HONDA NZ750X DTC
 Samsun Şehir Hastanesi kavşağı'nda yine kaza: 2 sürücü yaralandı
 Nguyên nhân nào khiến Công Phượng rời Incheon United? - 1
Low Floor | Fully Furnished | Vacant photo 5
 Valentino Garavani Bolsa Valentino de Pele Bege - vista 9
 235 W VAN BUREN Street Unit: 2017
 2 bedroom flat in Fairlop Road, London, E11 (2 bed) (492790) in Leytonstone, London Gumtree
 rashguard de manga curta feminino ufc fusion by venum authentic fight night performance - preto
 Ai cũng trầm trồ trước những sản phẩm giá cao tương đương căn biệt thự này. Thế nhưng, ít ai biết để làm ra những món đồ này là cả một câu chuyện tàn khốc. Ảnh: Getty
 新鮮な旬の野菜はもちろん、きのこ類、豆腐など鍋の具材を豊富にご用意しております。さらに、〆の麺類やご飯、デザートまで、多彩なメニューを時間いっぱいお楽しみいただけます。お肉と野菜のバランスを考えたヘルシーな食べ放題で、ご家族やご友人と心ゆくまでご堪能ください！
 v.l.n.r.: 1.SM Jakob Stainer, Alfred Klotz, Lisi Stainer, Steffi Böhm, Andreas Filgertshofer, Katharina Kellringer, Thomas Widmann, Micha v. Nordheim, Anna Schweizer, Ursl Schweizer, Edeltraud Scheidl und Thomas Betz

^^^^^^^^

→ Problem details
Set down exactly the lines of the material above from the one with "2 bedroom flat" through the end. Include both ends and nothing else.

→ Output for this exercise
 2 bedroom flat in Fairlop Road, London, E11 (2 bed) (492790) in Leytonstone, London Gumtree
 rashguard de manga curta feminino ufc fusion by venum authentic fight night performance - preto
 Ai cũng trầm trồ trước những sản phẩm giá cao tương đương căn biệt thự này. Thế nhưng, ít ai biết để làm ra những món đồ này là cả một câu chuyện tàn khốc. Ảnh: Getty
 新鮮な旬の野菜はもちろん、きのこ類、豆腐など鍋の具材を豊富にご用意しております。さらに、〆の麺類やご飯、デザートまで、多彩なメニューを時間いっぱいお楽しみいただけます。お肉と野菜のバランスを考えたヘルシーな食べ放題で、ご家族やご友人と心ゆくまでご堪能ください！
 v.l.n.r.: 1.SM Jakob Stainer, Alfred Klotz, Lisi Stainer, Steffi Böhm, Andreas Filgertshofer, Katharina Kellringer, Thomas Widmann, Micha v. Nordheim, Anna Schweizer, Ursl Schweizer, Edeltraud Scheidl und Thomas Betz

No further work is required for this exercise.